Artificial Intelligence 12 min read

Integrating Fully Homomorphic Encryption with Federated Learning: Methods, Recent Advances, and Future Directions

This article reviews how fully homomorphic encryption can be combined with federated learning to enhance privacy protection, discusses recent FHE advancements, presents practical system designs such as POSEIDON, and outlines open research challenges and future research directions.

DataFunTalk
DataFunTalk
DataFunTalk
Integrating Fully Homomorphic Encryption with Federated Learning: Methods, Recent Advances, and Future Directions

Introduction – The talk, presented by Dr. Lu Wenjie from Alibaba and edited by Huang Weicong (Nanjing University), introduces the intersection of fully homomorphic encryption (FHE) and federated learning (FL), covering privacy concerns, technical foundations, recent progress, and research outlook.

01. Federated Learning and Privacy Protection

Federated learning originates from large‑scale distributed training on edge devices, where each data owner (DO) computes local gradients ∇_i θ and sends them to a Parameter Server (PS) that aggregates them into a global model update θ ← Σ∇_i θ . The core idea is to keep raw data on‑device and exchange only minimal information (e.g., gradients).
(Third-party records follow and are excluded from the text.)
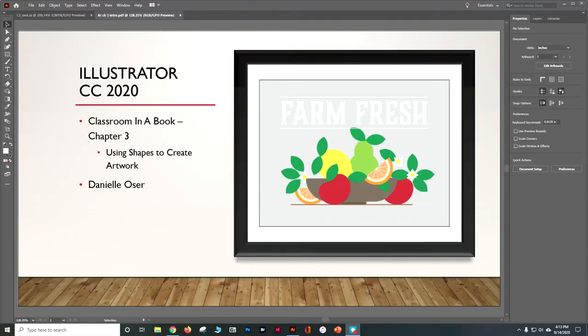In this tutorial, we're going to use Adobe Illustrator CC 2020 to go through Classroom in a Book Chapter 3, which is all about using shapes to create artwork. We're actually going to start this one pretty much from scratch. So don't worry, you don't have to be an artist — you just have to put shapes together.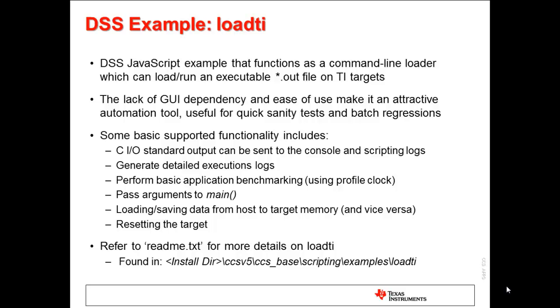DSS comes with a useful example called loadti. It functions as a generic command-line loader which can load and run any program on any TI target supported by CCS. It was meant to be an example to showcase many of the features of DSS. However, because of the flexibility of the script, since you can pass in a target configuration file and program file to use, many customers simply use loadti out of the box with no modifications. Other built-in functionality is logging, benchmarking, passing arguments to main, resetting the target before execution, memory accesses, and so forth. As a simple loader, many find it very effective as is.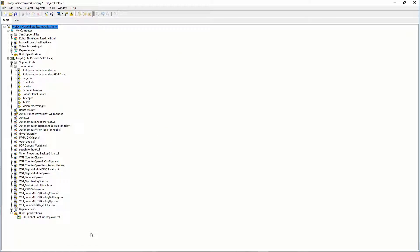What is building and deploying code to the RoboRio? This is used for testing, demos, and competitions. Basically, building the code compiles all the VIs to a single executable file that is then available for deployment.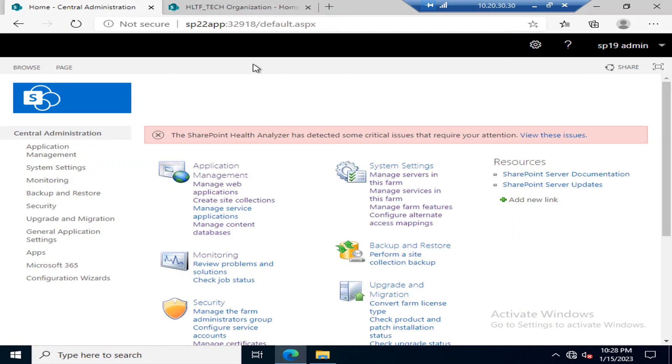Welcome everyone. Today we are going to discuss the procedure through which we can block various file types in our web application. SharePoint gives you an option through which you can specify various extensions of files.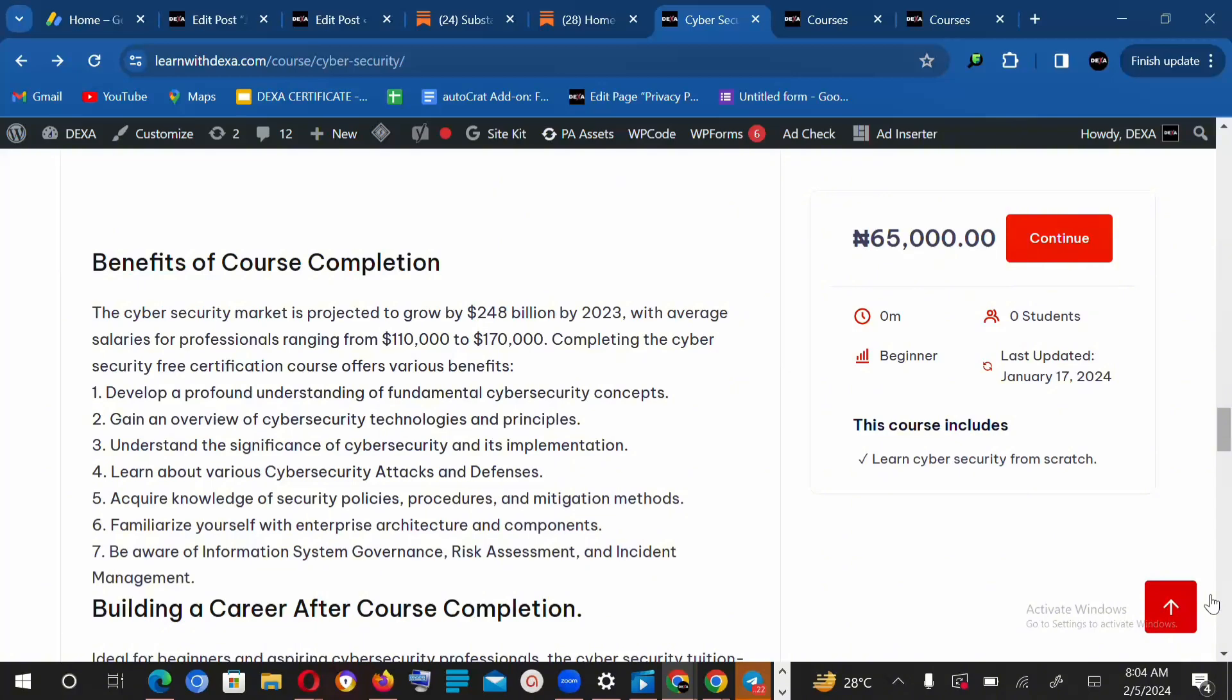Understand the significance of cybersecurity and its implementation, learn about various cybersecurity attacks and defenses, acquire knowledge of security policies, procedures, and mitigation methods, and familiarize yourself with enterprise architecture and components.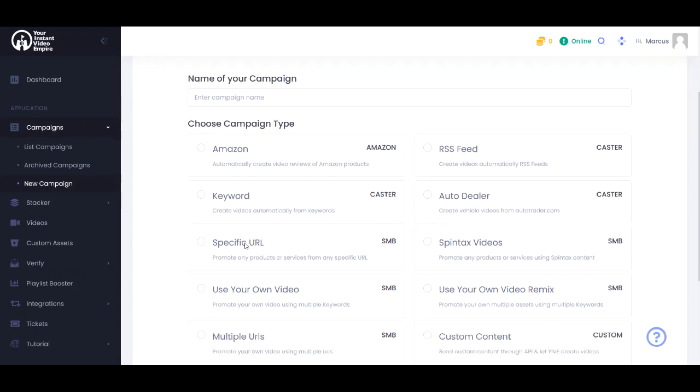We can convert specific URLs into videos. So if you have a page on your website with images and things like that you can convert that into a video. Images and text what have you. We have Spintax videos which is basically your ability to put your own script in including Spintax in that script and title.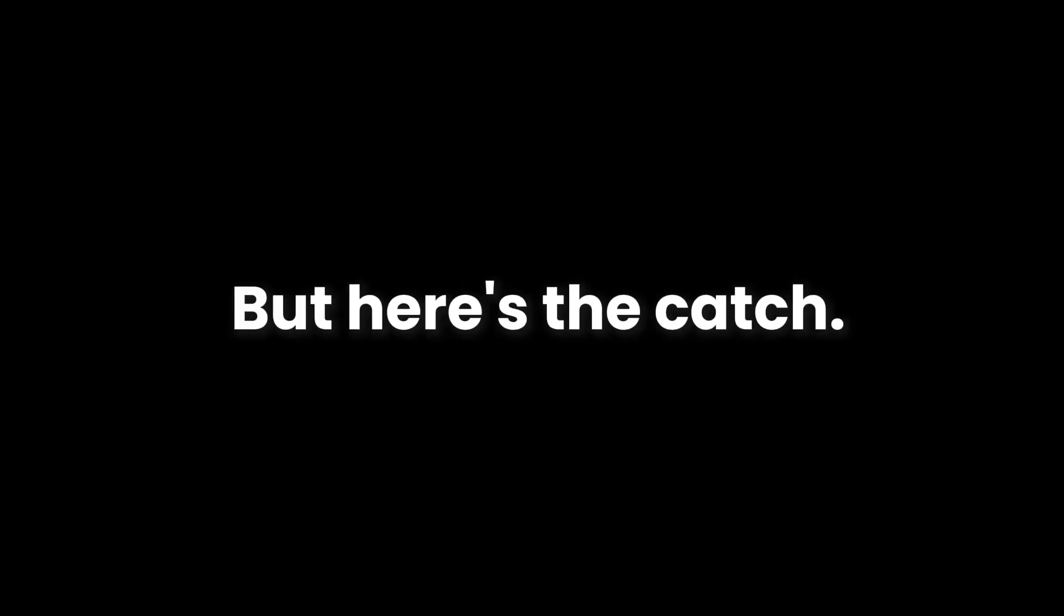But here's the catch. Python's simplicity is a trap. You can write something quick, you can write something clever, but you can't write something durable.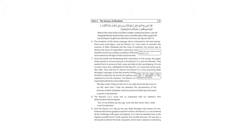And the Rasul sallallahu alayhi wa sallam did go the way Allah Almighty had chosen for him. Imbued with divine guidance and firm resolve, he encountered all the challenges with grace and dignity. In no time, he elevated man to the highest possible level...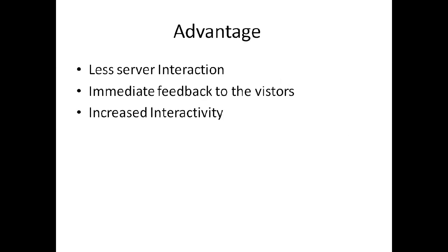The advantages of JavaScript include less server interaction, immediate feedback to visitors, and increased interactivity.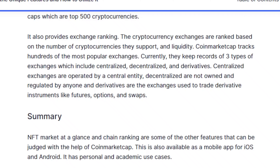NFT market at a glance and chain ranking are some of the other features available through CoinMarketCap. The platform is also available as a mobile app for iOS and Android, and has both personal and academic use cases.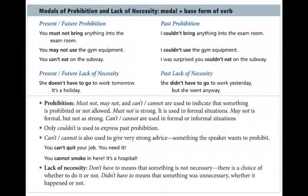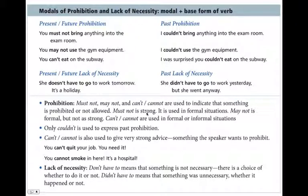Pay attention to the difference between prohibition and lack of necessity — these modals are different, and you must use them correctly when you speak and write. Prohibition uses must not, may not, and cannot. Must not is quite strong and formal; may not is formal but not quite as strong; can't and cannot are used in both formal and informal situations. For past prohibition, only couldn't is used.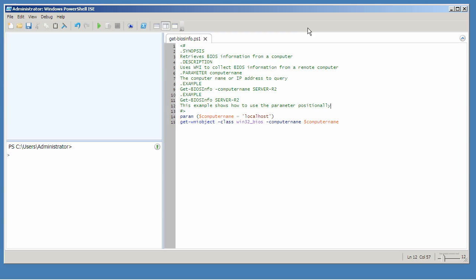As you start developing more complicated scripts, you'll want to document them. And why not do so in a way that looks and feels like the same help files that PowerShell's own cmdlets provide?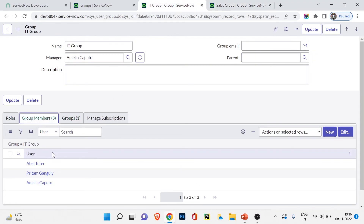In the next video we will discuss roles — you'll see the importance of roles and how roles can be inherited from group to group. That's going to be very interesting. So you've seen how to create users in ServiceNow, set their passwords, create groups, and add people to groups. In the next video we will understand roles and how powerful ServiceNow roles are. If you find this video helpful, hit the Like button. If you have any doubts, come to the comment section. Don't forget to share this video. Thank you, see you in my next video. Bye bye.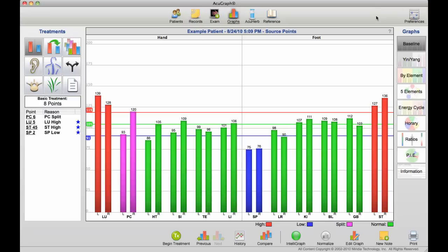Here in the AcuGraphs graph window, you can look at your data, and it's color-coded and classified to help you understand it and interpret it quickly.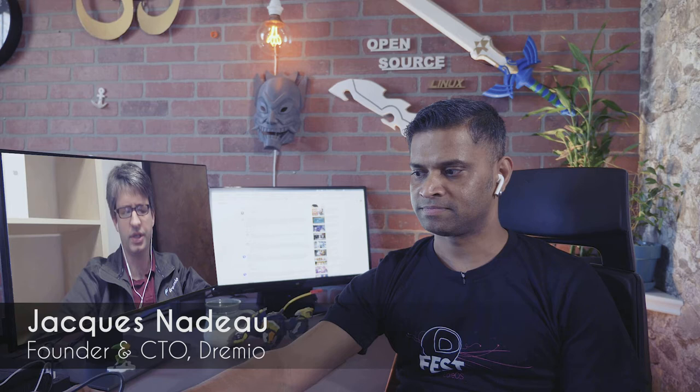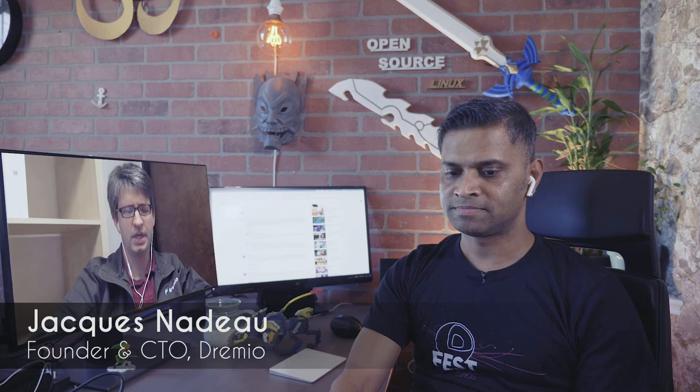Jacques, before we kind of deep dive into this interview, can you quickly introduce yourself? Jacques Nadeau, CTO and co-founder at Dremio. I'm also active in several open source projects, part of the initial team that started the Apache Arrow project. I'm involved in Apache Calcite and contribute to Apache Parquet sometimes.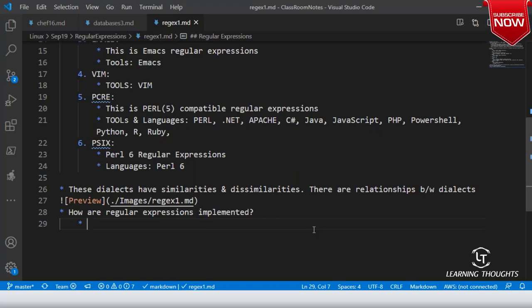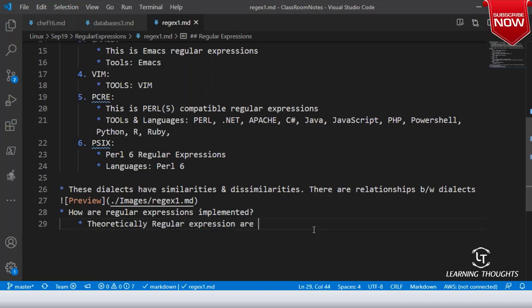To speak about how regular expressions are implemented, I cannot start this discussion without speaking about state machines. At least theoretically, regular expressions are implemented on finite state machines.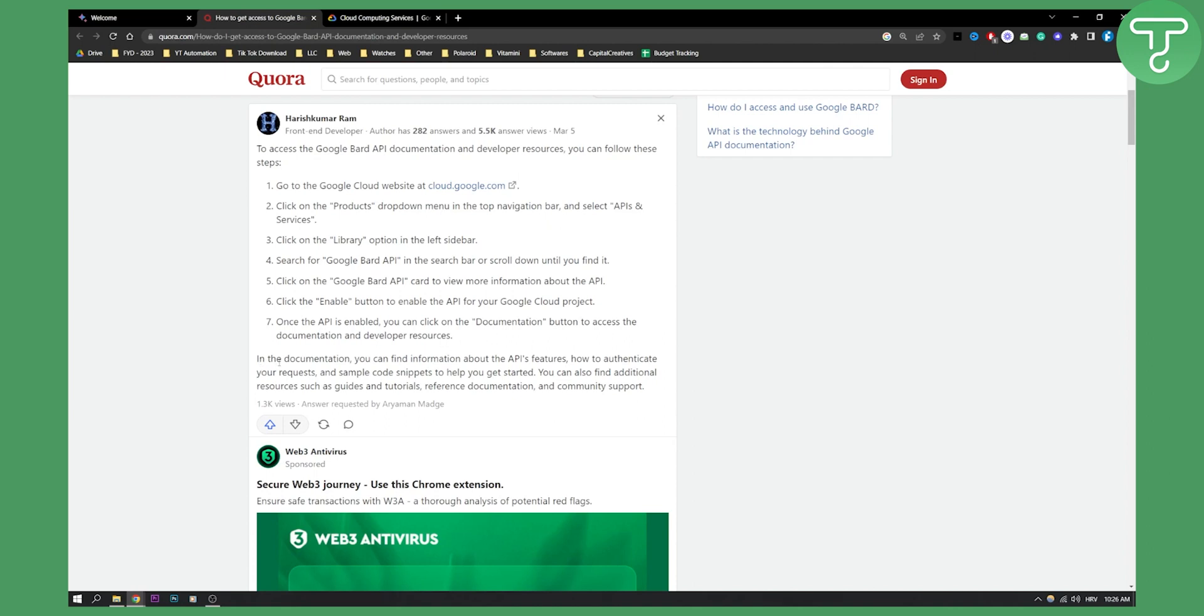In the documentation you can find information about the API's features, how to authenticate your requests, and all the other stuff that developers need to get full access to Google Bard AI chatbot API.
The article raises three privacy‑related questions: what information can be exchanged, which intermediate values may be revealed to the PS, and how to securely collect and exchange these values.

Various privacy levels are compared: baseline (PS sees local gradients), FL‑plus (PS sees only global gradients), distributed secure computation (PS sees nothing), and distributed FHE (multiple DOs jointly generate a public key, preventing any single party from learning others' data). The discussion then focuses on how homomorphic encryption can enable secure collection and exchange of gradients.

02. Fully Homomorphic Encryption and Federated Learning

Two types of homomorphic encryption are described. Additive HE (e.g., Paillier) supports only ciphertext addition, is easy to implement, but suffers from high latency for large‑scale operations and cannot handle non‑linear functions such as sigmoid. Fully homomorphic encryption (FHE) based on lattice‑based schemes (BFV, CKKS) supports both addition and multiplication, offering higher throughput at the cost of larger latency. By designing algorithms that exploit FHE, one can achieve performance comparable to or better than additive HE while enabling richer computations.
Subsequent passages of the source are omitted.